I used to run a similar conference wargame when I was a defence analyst but it was set at the Joint Operational Level and we were looking and equipment capabilities… I was white team… So I am interested to see how it unfolds, not that’s for sure.
Cheers CR
The cast of The Wargame. (L-R) General Sir Richard Barrons, Amber Rudd, Deborah Haynes, Baroness Helena Kennedy, James Heappey, Sir Ben Wallace, Lord Mark Sedwill, Jack Straw, Victoria Mackarness, Jim Murphy, Rob Johnson
Wow. What a cast! I’ve fired it up and am settling down for a good listen.

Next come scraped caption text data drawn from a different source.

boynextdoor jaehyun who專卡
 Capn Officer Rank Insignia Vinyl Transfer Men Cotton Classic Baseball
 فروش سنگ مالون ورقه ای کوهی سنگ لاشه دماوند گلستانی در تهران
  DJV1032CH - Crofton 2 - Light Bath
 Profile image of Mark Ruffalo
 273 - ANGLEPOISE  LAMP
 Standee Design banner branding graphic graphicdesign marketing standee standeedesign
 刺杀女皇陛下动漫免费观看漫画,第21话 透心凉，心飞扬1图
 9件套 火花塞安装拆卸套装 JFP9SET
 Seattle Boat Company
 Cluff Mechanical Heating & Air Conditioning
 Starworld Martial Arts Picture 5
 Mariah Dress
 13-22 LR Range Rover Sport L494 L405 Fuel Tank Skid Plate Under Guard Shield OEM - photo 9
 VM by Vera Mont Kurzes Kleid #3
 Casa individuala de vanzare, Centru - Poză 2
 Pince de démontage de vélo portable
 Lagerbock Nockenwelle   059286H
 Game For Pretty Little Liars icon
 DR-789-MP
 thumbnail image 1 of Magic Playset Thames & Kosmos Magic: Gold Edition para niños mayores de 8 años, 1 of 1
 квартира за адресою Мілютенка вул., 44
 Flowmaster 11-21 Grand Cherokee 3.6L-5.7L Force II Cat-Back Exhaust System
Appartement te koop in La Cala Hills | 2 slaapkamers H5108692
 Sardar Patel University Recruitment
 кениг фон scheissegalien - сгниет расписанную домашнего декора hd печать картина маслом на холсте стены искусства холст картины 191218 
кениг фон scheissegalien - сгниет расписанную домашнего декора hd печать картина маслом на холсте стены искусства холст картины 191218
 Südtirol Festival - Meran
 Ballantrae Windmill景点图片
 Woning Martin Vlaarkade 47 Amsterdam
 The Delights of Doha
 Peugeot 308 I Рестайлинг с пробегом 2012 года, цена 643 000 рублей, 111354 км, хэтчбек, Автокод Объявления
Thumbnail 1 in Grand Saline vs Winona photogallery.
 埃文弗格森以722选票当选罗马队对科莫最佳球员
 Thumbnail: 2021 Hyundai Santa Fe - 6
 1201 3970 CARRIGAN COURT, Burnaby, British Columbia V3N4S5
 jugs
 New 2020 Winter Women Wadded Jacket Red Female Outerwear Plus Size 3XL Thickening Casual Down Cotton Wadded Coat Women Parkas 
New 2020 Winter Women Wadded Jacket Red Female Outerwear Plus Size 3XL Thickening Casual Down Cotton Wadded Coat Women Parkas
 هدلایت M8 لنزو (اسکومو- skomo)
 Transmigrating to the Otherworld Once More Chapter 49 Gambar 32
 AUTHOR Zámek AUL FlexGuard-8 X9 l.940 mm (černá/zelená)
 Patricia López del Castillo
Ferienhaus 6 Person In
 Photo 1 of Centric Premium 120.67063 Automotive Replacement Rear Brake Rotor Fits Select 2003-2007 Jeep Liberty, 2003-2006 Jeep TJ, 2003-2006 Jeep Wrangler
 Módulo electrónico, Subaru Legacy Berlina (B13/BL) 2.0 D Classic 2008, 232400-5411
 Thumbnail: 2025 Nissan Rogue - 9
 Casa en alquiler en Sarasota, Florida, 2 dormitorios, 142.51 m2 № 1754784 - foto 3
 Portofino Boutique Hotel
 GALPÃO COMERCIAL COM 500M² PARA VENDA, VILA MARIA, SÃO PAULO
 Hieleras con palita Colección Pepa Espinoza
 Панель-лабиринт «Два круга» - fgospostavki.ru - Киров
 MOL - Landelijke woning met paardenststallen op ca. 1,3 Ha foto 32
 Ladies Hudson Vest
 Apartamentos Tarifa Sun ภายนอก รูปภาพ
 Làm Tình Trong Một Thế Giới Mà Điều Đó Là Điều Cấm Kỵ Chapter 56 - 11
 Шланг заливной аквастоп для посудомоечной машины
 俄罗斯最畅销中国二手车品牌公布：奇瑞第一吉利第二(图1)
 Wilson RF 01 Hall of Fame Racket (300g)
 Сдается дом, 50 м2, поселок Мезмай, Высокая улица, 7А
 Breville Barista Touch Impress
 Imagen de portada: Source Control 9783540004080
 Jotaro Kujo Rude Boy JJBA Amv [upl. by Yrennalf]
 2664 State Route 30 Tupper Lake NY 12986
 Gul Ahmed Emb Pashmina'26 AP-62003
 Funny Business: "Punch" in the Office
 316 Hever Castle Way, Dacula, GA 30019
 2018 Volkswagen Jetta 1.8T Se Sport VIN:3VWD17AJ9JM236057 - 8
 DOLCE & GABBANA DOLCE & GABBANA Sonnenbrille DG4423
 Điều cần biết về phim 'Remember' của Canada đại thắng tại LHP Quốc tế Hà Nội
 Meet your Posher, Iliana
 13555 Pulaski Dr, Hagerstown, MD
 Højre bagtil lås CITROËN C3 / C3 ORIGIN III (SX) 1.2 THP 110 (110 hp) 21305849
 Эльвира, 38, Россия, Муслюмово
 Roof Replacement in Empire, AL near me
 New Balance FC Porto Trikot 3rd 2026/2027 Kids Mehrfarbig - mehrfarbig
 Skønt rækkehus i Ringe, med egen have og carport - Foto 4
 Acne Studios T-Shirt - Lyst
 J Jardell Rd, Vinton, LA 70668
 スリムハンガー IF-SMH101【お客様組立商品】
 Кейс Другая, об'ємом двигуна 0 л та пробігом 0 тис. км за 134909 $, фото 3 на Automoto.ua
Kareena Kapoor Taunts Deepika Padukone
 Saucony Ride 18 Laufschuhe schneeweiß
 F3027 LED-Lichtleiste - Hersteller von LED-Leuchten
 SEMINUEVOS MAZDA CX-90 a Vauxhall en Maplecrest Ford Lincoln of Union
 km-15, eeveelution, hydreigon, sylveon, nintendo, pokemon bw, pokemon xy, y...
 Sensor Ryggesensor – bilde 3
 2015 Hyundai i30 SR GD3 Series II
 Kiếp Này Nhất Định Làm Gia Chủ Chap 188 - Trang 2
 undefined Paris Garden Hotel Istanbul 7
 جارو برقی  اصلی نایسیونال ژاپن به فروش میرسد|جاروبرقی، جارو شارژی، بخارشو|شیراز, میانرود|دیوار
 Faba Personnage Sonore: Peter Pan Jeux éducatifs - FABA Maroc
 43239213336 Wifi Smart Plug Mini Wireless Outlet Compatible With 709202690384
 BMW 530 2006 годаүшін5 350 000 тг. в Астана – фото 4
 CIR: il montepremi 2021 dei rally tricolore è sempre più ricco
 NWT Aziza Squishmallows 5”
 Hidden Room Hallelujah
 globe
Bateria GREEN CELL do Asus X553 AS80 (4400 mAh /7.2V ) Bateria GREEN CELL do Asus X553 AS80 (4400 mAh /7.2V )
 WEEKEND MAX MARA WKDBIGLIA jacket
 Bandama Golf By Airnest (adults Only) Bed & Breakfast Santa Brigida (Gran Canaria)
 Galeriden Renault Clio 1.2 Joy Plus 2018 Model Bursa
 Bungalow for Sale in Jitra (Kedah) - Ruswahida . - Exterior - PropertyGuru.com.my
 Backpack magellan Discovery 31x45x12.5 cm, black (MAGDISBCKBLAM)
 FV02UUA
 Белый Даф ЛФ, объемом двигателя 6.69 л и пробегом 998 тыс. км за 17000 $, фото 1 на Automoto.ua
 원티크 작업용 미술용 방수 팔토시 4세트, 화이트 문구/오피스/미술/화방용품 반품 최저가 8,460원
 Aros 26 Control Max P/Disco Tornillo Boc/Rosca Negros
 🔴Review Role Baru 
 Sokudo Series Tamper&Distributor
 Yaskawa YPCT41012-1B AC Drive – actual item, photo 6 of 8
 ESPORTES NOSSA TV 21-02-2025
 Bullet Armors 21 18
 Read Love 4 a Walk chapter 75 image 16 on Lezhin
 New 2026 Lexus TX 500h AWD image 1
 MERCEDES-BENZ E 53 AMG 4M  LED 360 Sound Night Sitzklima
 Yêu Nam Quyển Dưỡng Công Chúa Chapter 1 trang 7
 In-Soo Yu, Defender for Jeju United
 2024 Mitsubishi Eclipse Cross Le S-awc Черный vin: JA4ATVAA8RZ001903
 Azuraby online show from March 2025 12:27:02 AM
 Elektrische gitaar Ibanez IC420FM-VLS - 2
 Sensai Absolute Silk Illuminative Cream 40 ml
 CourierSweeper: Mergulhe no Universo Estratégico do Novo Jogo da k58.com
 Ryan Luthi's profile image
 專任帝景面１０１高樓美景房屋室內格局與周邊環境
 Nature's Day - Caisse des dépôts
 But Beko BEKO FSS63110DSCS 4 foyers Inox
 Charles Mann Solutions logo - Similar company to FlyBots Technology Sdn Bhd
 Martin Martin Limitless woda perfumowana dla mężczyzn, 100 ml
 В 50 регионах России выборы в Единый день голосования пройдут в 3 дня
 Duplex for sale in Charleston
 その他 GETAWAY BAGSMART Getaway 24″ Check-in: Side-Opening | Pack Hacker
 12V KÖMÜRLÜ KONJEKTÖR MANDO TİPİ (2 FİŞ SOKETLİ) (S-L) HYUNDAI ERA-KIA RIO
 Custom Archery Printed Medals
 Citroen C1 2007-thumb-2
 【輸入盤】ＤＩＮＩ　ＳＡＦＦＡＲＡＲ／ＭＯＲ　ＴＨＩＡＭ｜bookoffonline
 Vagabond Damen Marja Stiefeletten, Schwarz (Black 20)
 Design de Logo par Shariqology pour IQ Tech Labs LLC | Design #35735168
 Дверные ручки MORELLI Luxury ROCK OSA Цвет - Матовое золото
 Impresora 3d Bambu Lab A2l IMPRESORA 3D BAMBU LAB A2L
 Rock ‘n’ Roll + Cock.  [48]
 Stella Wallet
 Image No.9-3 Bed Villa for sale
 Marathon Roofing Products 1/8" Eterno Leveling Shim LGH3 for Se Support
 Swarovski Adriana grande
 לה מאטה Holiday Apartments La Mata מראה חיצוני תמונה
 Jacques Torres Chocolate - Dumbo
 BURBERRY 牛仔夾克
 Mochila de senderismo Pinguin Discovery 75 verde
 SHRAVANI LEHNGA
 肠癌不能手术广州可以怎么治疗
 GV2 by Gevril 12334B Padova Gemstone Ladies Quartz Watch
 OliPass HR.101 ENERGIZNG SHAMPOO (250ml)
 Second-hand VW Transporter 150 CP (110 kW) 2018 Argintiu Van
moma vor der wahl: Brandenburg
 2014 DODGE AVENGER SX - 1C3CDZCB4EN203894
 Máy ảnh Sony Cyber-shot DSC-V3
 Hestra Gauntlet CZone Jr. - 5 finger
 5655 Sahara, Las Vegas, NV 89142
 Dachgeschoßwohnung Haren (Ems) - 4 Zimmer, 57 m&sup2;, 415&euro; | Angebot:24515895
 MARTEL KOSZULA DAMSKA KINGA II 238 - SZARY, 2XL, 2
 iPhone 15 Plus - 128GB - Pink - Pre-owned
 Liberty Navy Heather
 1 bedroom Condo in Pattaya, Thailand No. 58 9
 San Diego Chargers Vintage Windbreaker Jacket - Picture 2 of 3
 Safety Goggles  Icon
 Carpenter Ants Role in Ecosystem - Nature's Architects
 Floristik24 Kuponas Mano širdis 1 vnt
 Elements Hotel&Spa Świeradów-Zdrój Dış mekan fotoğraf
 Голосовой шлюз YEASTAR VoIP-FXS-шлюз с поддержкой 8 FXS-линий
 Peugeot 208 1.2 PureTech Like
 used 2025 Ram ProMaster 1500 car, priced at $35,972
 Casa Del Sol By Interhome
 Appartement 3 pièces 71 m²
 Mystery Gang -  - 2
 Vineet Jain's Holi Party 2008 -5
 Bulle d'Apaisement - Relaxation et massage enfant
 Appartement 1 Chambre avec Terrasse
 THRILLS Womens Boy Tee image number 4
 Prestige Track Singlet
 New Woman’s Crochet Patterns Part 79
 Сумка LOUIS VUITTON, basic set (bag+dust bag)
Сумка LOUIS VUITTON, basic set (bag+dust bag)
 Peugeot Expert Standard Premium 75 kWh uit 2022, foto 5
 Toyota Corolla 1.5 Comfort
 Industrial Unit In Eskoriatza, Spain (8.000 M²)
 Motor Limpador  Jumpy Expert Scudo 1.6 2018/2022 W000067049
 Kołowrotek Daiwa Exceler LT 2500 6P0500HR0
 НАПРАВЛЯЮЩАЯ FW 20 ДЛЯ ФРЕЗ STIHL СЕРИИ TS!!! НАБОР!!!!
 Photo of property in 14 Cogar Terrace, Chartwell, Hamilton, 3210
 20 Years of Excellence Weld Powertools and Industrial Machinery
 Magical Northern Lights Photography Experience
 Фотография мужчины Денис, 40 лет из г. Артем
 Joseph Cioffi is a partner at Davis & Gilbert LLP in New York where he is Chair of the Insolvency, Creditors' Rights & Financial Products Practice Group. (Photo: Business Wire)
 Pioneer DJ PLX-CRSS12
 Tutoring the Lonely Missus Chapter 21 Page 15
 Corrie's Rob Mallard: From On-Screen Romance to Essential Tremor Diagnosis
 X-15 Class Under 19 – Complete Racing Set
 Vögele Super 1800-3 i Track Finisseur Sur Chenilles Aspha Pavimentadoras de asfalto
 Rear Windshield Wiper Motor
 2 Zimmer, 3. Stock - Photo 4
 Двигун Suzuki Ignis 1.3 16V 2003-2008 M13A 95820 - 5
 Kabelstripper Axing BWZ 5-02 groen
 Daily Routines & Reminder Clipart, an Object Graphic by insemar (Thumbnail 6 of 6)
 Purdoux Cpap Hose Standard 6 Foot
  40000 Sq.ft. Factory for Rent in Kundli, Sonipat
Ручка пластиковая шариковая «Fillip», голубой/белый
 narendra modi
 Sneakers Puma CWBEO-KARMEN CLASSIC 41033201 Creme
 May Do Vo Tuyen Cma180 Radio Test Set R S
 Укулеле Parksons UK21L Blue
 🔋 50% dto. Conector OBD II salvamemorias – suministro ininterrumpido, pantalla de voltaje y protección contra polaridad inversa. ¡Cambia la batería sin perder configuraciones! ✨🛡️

As the world gets increasingly dangerous have the govt/ MoD announced any new capabilities being bought yet – any new GBAD, fast jets, capabilities for the Bacchante Class (type 31), a new IFV?
No
Meanwhile let’s send a barely armed ‘ship’ through contested waters claimed by a superpower….what were they thinking? They’re lucky she wasn’t surrounded, seized and impounded.
This asset is wasted in the Pacific and her crew are needed here to crew the few t23s we have (as apparently we don’t have enough to man Argyle)!
Met Keir Giles in Latvia. Solid bloke.
Not to be critical but it’s a misleading headline. It’s not a warship.
What utter tosh!!!
George, you keep doing this, trotting out the same tired Chinese embassy quote, totally out of context, that has nothing to do with British ships in the Taiwan straits. You have done this several times before and every single time it was out of context. It’s bad enough when you use a dodgy headline (like the CSG is in the Pacific rather than the Indo-Pacific), but when the entire thrust of the article is without published foundation, you open yourself to charges of just making stuff up. I don’t know why you keep trotting out this same old line. If there’s real substance to the claim the Chinese are threatening the UK, publish what was said and by whom. Otherwise stop it! It’s beneath you.
HMS Spey navigated the Taiwan Straits and China said nothing, just like we say nothing when a Russian ship goes though the Channel. Right?
Russia is also navigating in baltic sea , international waters , yet estonia somehow made it legal to them selves to to target any russian ship in those waters , commercial or non commercial , yet here we are .. hypocrisy.